Boiarsky emphasizes the ability of sounds to activate emotions and, in turn, stimulate memory.
“When it comes to emotional connection,” he says, “sound is one of the most powerful senses we have. It is processed in the area of the brain responsible for emotion and memory — a desirable combination in marketing. We are wired to react emotionally to sounds, like feeling fearful or defensive when we hear an eerie violin shriek, or feeling a sense of love or calm when we hear a heartbeat. When we hear a sound often enough, the associated emotional response is committed to memory.”

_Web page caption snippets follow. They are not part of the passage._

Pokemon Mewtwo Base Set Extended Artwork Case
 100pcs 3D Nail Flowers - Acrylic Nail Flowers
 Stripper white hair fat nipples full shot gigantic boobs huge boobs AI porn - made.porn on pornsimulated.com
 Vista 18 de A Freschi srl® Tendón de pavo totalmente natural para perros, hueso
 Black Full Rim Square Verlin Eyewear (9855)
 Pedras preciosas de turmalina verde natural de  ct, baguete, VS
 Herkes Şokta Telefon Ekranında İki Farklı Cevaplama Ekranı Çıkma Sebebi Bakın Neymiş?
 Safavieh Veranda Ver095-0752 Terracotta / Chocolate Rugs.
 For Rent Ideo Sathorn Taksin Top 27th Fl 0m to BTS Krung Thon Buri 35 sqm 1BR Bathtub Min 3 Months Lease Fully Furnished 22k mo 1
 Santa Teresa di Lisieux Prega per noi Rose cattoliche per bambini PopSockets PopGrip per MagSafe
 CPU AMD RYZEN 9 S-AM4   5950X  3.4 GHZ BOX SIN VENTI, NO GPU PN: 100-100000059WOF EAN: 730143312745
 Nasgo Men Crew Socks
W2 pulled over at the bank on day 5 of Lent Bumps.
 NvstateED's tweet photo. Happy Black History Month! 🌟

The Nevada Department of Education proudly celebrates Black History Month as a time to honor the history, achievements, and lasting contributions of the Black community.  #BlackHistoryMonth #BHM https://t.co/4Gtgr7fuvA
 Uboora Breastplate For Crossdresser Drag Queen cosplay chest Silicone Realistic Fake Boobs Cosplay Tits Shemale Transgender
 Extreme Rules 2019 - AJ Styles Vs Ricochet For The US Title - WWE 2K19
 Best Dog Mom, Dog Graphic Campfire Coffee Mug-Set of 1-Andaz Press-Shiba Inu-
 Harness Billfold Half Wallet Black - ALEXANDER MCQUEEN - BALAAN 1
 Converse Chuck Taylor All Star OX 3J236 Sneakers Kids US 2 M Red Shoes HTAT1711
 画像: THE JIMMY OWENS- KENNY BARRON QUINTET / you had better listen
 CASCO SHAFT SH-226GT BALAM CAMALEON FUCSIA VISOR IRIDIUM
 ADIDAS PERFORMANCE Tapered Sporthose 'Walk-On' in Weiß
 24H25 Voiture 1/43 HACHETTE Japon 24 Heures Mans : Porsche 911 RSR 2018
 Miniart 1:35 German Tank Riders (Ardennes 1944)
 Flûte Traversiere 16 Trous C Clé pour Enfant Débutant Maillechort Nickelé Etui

How Sounds Can Be Effectively Linked to Brands
Good sonic branding programs arouse emotions and then repeatedly expose consumers to the sounds in a way that leads to lighting fast recall and associations with the brand. Stephen Arnold Music’s approach takes into account brand personality as well and makes sure the sounds align with the brand story. Cook describes his firm’s philosophy as follows:
“Effective sonic branding uses a simple formula: Emotion plus repetition equals recall. It starts with defining an audio style guide, identifying a palette of musical motifs and sounds that represent a brand’s personality and values. We then bring this sonic identity to life across brand touchpoints — online, apps. advertising, experiences,. etc. It’s storytelling through sound — not a singular sound, but a collection of music and sounds that represent the brand sonically at every touchpoint.
The result, like a great film score, is that the audio creates an emotional response, which, after being experienced numerous times, forms strong brand recall.”
Recent Examples of Strong Sonic Branding
Stephen Arnold Music has had multiple success stories with brands such as CNN, Gearbox Software, UPS, CGTN, ESPN, and many more. For its new on-air image campaign, WETA UK sought a musical identity that evokes the hallmarks of British television — quality, sophistication, and authenticity — while representing the station’s high production value and expansive program genres.
Cook describes the process of developing the theme as follows: “We began by developing an orchestral theme representative of WETA UK that could then be articulated using dynamics. With particular instruments such as harpsichord and piccolo trumpet carrying the conversation, the theme moves freely between genres and eras, while supporting WETA UK’s messaging of ‘British Television at Its Best.’”
At the behest of Dylan Wilbur, WETA UK Creative Director, the sonic branding campaign was designed to be consistent with the network’s underlying personality such that it would not be short lived. “We needed a piece that would work with shows we are promoting today and with a slate of different shows a year or two from now.” Wilbur expressed high satisfaction with the outcome of the campaign, which was recently ranked by SoundOut as one of the world’s fastest growing sonic brands (SoundOut).
An additional example of effective sonic branding is the sonic logo that SAM created for Gearbox Software. Given the brand’s broad target demographic — 12- to 44-year-old discerning gamers — the sonic mark needed to be edgy and progressive, while also being playful and youthful.
Cook indicates that the partnership between his company and Gearbox paid off with a sonic identity that speaks to the gaming masses. “Sometimes you catch lightning in a bottle. Which is what happened when our production director, Jesus Garcia, recorded his 6-year-old son yelling, ‘Gearbox.’ We knew we had a winner – and with over 100m units shipped using this branding, and consistent (mostly positive) questions from their fans on where it came from – Gearbox knew it as well.”
Examples such as those above illustrate the power of sonic branding, which deserves recognition as an important brand element that can be used to help build brand equity.